Alors, bien sûr, mais avec sagesse et précaution, en totale transparence et bienveillance, le droit d'ingérence devient un devoir et la suppléance s'impose.

Il faut éviter les attaques ad hominem qui sont toujours improductives. C'est une situation qu'il faut combattre, pas un individu, même s'il a été ou est défaillant.

C'est le problème qu'il faut résoudre, pas les défauts du bonhomme.

Il ne s'agit pas, non plus, de sombrer dans l'angélisme et de croire ou laisser croire que "tout le monde il est beau, tout le monde il est gentil". Le monde réel n'est évidemment pas un monde de bisounours.

Lorsque je dirigeai un gros groupe au Etats-Unis, j'avais fait mettre un message écrit à côté de ma porte : "If you are not a part of the solution, you are a part of the problem" (Si tu n'est pas une partie de la solution, c'est que tu es une partie du problème).

Un plaisantin - qui croit toujours que je ne sais pas qui il est - a d'ailleurs un jour ajouter un autre message, dessous le mien : "You do not need to be crazy to work here, but it helps" (tu n'a pas besoin d'être fou pour travailler ici, mais ça aide). Je l'y ai laissé ! Bref …

Dans tout réseau, il existe des fruits pourris, c'est une évidence.
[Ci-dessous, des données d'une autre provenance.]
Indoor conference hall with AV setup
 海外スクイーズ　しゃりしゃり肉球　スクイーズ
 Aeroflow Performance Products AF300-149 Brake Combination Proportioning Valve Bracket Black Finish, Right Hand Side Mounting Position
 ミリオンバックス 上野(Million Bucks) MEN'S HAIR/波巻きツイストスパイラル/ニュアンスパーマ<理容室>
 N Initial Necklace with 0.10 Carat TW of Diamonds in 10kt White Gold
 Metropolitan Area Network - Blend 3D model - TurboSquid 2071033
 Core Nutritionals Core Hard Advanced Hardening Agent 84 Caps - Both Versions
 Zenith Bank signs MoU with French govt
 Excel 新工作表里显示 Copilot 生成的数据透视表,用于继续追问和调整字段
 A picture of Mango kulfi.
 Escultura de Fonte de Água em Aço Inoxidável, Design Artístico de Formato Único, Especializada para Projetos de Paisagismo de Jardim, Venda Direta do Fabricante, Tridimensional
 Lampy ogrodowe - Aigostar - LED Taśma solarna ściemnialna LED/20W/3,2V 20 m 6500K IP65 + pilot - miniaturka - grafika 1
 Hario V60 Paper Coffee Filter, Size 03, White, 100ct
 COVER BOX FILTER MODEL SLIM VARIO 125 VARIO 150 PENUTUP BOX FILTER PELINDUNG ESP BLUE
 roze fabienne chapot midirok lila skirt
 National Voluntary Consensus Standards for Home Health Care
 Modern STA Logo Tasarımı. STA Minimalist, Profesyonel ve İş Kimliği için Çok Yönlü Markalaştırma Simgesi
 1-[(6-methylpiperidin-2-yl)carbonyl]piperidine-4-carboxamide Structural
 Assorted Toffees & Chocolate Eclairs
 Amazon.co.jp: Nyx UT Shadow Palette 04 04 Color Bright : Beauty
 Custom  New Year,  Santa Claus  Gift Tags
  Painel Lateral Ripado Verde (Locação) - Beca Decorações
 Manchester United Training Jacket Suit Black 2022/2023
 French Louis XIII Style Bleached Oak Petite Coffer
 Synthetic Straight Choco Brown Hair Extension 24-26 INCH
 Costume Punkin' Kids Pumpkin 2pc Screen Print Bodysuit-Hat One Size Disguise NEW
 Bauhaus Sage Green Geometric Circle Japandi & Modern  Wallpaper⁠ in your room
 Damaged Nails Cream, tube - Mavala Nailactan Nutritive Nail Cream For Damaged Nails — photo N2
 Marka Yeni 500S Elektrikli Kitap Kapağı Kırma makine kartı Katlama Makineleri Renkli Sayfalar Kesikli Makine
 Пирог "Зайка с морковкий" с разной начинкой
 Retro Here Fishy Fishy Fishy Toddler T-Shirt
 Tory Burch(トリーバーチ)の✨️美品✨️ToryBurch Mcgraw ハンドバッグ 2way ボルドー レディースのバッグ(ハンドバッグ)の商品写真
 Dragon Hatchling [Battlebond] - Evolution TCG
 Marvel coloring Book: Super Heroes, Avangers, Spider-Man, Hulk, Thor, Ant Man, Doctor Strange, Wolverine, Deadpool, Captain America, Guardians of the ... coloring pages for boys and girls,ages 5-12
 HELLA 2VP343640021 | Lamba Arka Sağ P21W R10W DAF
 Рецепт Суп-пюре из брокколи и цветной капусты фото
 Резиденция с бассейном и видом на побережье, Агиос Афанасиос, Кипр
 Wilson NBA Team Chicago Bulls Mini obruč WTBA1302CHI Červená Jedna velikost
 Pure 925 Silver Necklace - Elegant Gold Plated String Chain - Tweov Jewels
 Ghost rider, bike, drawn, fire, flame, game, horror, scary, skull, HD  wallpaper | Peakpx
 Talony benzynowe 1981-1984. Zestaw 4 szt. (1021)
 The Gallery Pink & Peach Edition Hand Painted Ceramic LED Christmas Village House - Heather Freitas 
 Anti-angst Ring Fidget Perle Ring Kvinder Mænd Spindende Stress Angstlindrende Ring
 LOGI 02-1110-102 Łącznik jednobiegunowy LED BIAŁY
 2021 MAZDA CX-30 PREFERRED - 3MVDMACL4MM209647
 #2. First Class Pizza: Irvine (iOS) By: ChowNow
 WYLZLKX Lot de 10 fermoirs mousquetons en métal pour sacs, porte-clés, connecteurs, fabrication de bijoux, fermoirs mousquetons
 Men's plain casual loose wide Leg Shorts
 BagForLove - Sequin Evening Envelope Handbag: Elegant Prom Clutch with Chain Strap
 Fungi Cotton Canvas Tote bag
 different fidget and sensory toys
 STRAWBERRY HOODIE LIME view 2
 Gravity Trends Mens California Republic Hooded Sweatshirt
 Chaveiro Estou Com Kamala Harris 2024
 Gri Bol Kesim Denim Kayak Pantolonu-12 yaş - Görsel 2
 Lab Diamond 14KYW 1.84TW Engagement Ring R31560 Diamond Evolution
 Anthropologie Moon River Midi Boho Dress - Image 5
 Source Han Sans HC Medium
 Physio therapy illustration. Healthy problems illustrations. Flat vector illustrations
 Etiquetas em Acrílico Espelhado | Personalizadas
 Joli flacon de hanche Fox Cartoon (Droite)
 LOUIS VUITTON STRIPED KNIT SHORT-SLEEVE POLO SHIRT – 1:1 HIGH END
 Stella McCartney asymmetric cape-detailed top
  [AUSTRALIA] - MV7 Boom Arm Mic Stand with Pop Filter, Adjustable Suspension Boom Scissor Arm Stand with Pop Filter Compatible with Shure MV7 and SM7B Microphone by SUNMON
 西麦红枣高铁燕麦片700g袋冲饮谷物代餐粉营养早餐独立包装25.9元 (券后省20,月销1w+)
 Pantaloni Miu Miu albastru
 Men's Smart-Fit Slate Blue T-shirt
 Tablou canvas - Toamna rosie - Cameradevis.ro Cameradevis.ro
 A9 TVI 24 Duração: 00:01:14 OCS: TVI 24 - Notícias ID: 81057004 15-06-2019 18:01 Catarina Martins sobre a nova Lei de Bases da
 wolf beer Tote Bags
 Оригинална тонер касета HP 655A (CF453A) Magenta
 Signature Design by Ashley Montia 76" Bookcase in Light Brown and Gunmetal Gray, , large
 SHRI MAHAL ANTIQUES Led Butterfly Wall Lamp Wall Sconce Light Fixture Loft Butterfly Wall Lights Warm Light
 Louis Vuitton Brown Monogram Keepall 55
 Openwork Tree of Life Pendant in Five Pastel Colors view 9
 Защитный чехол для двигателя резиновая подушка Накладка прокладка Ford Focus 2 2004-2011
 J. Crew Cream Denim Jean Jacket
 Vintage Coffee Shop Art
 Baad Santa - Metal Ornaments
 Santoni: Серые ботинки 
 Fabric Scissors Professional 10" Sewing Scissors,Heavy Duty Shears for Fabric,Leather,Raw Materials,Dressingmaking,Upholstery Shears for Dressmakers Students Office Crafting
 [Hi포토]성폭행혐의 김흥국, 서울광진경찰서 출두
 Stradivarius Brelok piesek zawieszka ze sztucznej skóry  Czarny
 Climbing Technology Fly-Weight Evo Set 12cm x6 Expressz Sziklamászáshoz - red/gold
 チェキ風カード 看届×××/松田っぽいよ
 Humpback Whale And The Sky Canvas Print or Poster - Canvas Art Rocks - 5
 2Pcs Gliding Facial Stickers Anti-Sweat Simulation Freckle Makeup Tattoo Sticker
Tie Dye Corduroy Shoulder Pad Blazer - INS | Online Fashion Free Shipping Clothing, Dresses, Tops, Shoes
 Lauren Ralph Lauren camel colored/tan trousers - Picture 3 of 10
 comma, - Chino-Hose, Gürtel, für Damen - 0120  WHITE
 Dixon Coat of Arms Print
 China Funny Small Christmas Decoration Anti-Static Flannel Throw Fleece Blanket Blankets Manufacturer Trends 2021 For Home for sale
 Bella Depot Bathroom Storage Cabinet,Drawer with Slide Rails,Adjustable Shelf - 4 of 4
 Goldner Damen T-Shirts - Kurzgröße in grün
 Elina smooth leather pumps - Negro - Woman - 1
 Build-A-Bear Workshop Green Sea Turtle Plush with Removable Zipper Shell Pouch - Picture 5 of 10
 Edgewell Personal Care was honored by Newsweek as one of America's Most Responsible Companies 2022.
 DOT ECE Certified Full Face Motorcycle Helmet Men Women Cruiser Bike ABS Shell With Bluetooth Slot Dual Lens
Et si l'on ne veut pas que tout le panier se mette à pourrir, par contamination, il ne faut jamais hésiter à écarter le fruit pourrissant. Mais en général, dans un réseau sain, ce genre de cas est plutôt rare parce qu'un réseau sain est "autonettoyant".

Et il sera d'autant plus rare si le processus de recrutement, tout en amont, est très exigeant pour les dirigeants d'entité d'abord, mais aussi pour leurs collaborateurs. Il y faut une exigence pas seulement technique en termes de compétences ou d'expériences ; il y faut aussi, et peut-être surtout, une exigence éthique, caractérielle, comportementale.

Un réseau est une communauté de vie et, donc, un organisme vivant. Comme tel, il a ses propres mécanismes de rejet en matière de greffes. Recruter quelqu'un, c'est imposer une greffe au réseau. Le greffon sera d'autant mieux toléré qu'il se montre capable et désireux de faire corps avec les autres, de partager profondément leur mission, leur vocation, leur projet et leurs valeurs … et qu'il le démontre par ses faits et gestes.